WORK INSTRUCTION: The whole listing below should be printed again exactly, with no images.

GIVEN MATERIAL:
==============================
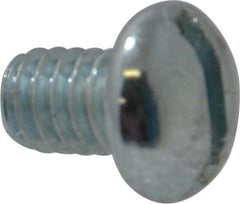Value Collection - 1/4-20 UNC, 3/8" Length Under Head Slotted Drive Machine Screw - Round Head, Alloy Steel, Zinc-Plated Finish, Without Washer - Industrial Tool & Supply
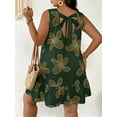 thumbnail image 3 of Plus Size Women Summer Casual Printed Short Camisole Dress Vacation Brown Sundress Floral Mini Dress, 3 of 10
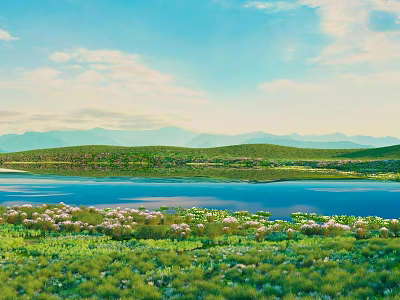 Lush Green Shrubs by the Lake in Grassland with Mountain and Blue Sky 3d model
==============================
TASK RESPONSE:
Value Collection - 1/4-20 UNC, 3/8" Length Under Head Slotted Drive Machine Screw - Round Head, Alloy Steel, Zinc-Plated Finish, Without Washer - Industrial Tool & Supply
 thumbnail image 3 of Plus Size Women Summer Casual Printed Short Camisole Dress Vacation Brown Sundress Floral Mini Dress, 3 of 10
 Lush Green Shrubs by the Lake in Grassland with Mountain and Blue Sky 3d model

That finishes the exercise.